Kein positiver Effekt

Mit finanzpolitischen Mitteln versucht die Regierung derzeit erneut, die Konjunktur zu stützen. So ließ sie im August den Yuan kräftig abwerten, was chinesische Waren im Ausland billiger macht und die Ausfuhr ankurbeln soll. Ein positiver Effekt für die chinesische Exportwirtschaft ist aber bislang ausgeblieben. Zugleich hat sich mit der Abwertung der Abfluss von Kapital massiv beschleunigt. Zahlen der Zentralbank zufolge sind die Währungsreserven des Landes allein im August um rund 95 Milliarden US-Dollar geschrumpft.

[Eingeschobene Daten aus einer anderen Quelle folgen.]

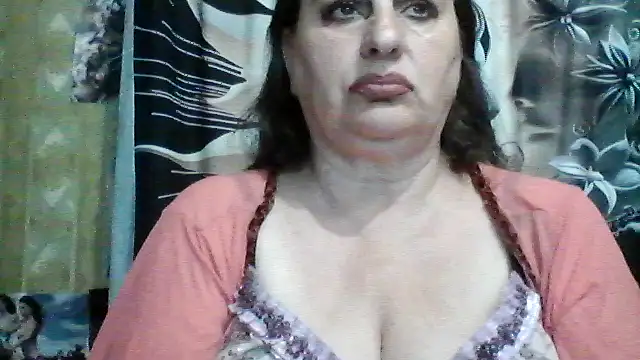 Snapshot of LoaqLovew chatting on 06/11/26, 08:34 LoaqLovew online show from 06/11/26, 08:34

Und trotzdem teilt der ebenfalls in Dalian anwesende Gründer des Weltwirtschaftsforums, Klaus Schwab, den Optimismus des chinesischen Premiers. „Ich habe China schon viele Male vor scheinbar unüberwindbaren Aufgaben gesehen“, sagte der Wirtschaftsprofessor. Und trotzdem hätten die Verantwortlichen die Nerven behalten und an ihrer Vision eines prosperierenden China festgehalten. Schwab ist sich sicher: Auch dieses Mal werde es den Chinesen gelingen, ihre Probleme zu lösen.

AUF EINEN BLICK

China ist fast im Krisenmodus. Die Regierung stemmt sich auch beim östlichen Weltwirtschaftsforum gegen eine mögliche Wirtschaftskrise. Derzeit scheint das schlecht zu funktionieren. Aber noch ist nicht aller Tage Abend: China verfügt trotz immer schlechterer Wirtschaftsdaten weiterhin über Möglichkeiten, etwa in Form der größten Währungsreserven. Auch ist das Riesenreich im Ausland nicht verschuldet – ganz im Gegensatz zum Westen.